Mexican eggs benedict with spicy jalapeno hollandaise recipe details
Make this classic breakfast at home with a spin you won’t get at the diner–a Mexican flair from avocados, tomatoes and spicy jalapenos.
Ready in: 20 mins
Ingredients
Serves: 2- 1 tablespoon white vinegar
- 4 eggs
- 1/4 cup butter, cubed
- 1 cup milk
- 1 package hollandaise sauce mix
- 2 tablespoons chopped, seeded jalapeno pepper
- 2 English muffins, split
- 4 slices tomato
- 1 medium ripe avocado, peeled and sliced
Preparation method
Prep: 5 mins | Cook: 15 mins1. Pour about 2 inches of water into a large skillet and stir in the vinegar. Place over high heat. When water boils, simmer on low. Break an egg into a teacup and tilt gently into the water; repeat for remaining eggs.
2. Let the eggs simmer for about 4 minutes, until whites are set.

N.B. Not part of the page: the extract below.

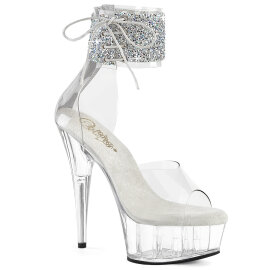 Pleaser DELIGHT-624RS-02 Platform Sandalettes Clear...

Remove with a slotted spoon.
3. While eggs are cooking, toast the English muffins and make the hollandaise sauce, as follows.
4. Place butter in a saucepan and set over medium heat. When butter melts, add milk and sauce packet. When mixture boils, simmer on low heat for 1 minute to thicken. Add jalapeno.
5. On each plate, place two toasted muffin halves cut-side up. Top each with tomato, avocado slices, an egg, and the jalapeno hollandaise sauce. Serve.